Qu'on me comprenne bien, il ne s'agit pas peindre le fascisme en rose, je n'oublie pas qu'il y a eu l'assassinat de Matteotti et d'autres, qu'il y a eu les matraques et l'huile de ricin etc. etc. J'essaie simplement de montrer qu'avant que le fascisme ne se mette au service de l'hitlérisme, il existait une différence de nature entre les deux, que le fascisme n'était pas porteur initialement d'une idéologie raciste potentiellement génocidaire comme le nazisme, à telle enseigne d'ailleurs qu'un certain nombre de représentants de la bourgeoisie juive y adhérèrent, comme le fit la bourgeoisie dans son ensemble, parce qu'elle y voyait un parti d'ordre et un rempart contre les Rouges etc.

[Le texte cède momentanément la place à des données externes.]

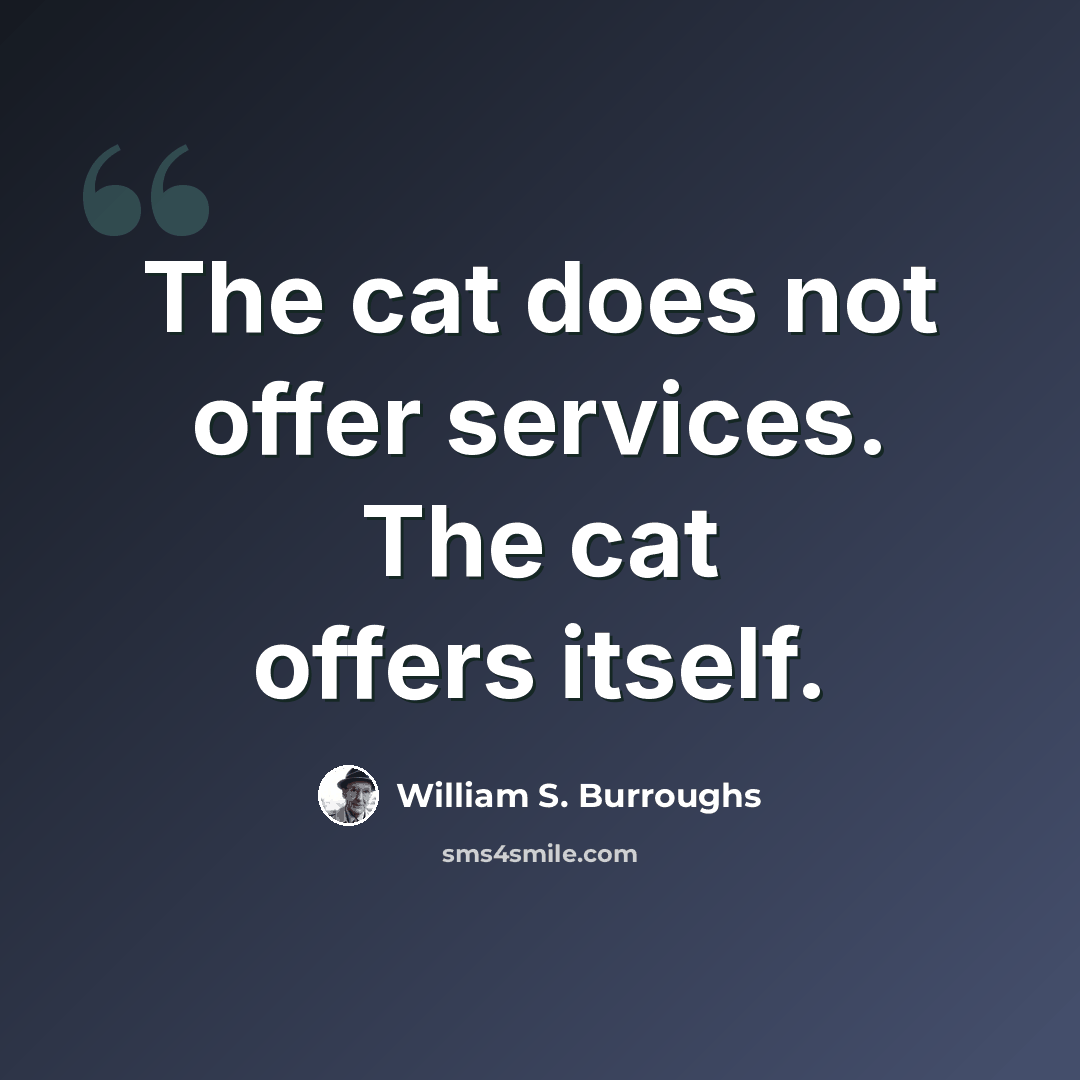 “The cat does not offer services. The cat offers itself.” quote by William S. Burroughs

Pour conclure sur une note plus légère, les réalisations qu'Alemanno porte au crédit du fascisme dans l'interview accordée au Sunday Times me font penser à cette repartie de Massimo Troisi dans un de ses films qui se passait sous le fascisme: un partisan du régime, répétant un lieu commun de la propagande de l'époque, dit au personnage incarné par Troisi qu'au moins, depuis que Mussolini est au pouvoir, les trains arrivent à l'heure. A quoi Troisi répond: "Alors pourquoi il n'a pas choisi d'être chef de gare plutôt?"

Ci-dessus. Deux photos de Mussolini. la première est la version retouchée de la seconde. On a enlevé le palefrenier pour donner une image plus martiale du Duce. Cette photo illustre bien le caractère à la fois farcesque et tragique du fascisme et de ses rêves de grandeur impériale.

1 commentaire:

Anonyme a dit…

Je me demande si le fascisme n'est pas intrinsèquement raciste, dans la mesure où pour gagner un soutien populaire il a besoin de bouc-émissaires qui expliquent les problèmes sociaux autrement que par une analyse de classe. Le fascisme français était raciste bien avant qu'il n'accède au pouvoir à la faveur de la victoire militaire allemande.
Quant au sort de Gramsci, il ne faut pas oublier que la solidarité internationale a certainement influencé les fascistes italiens. Grâce à cette même solidarité alliée à son courage, les nazis eux-mêmes ont du acquitter Dimitrov lors du procès de l'incendie du Reichstag.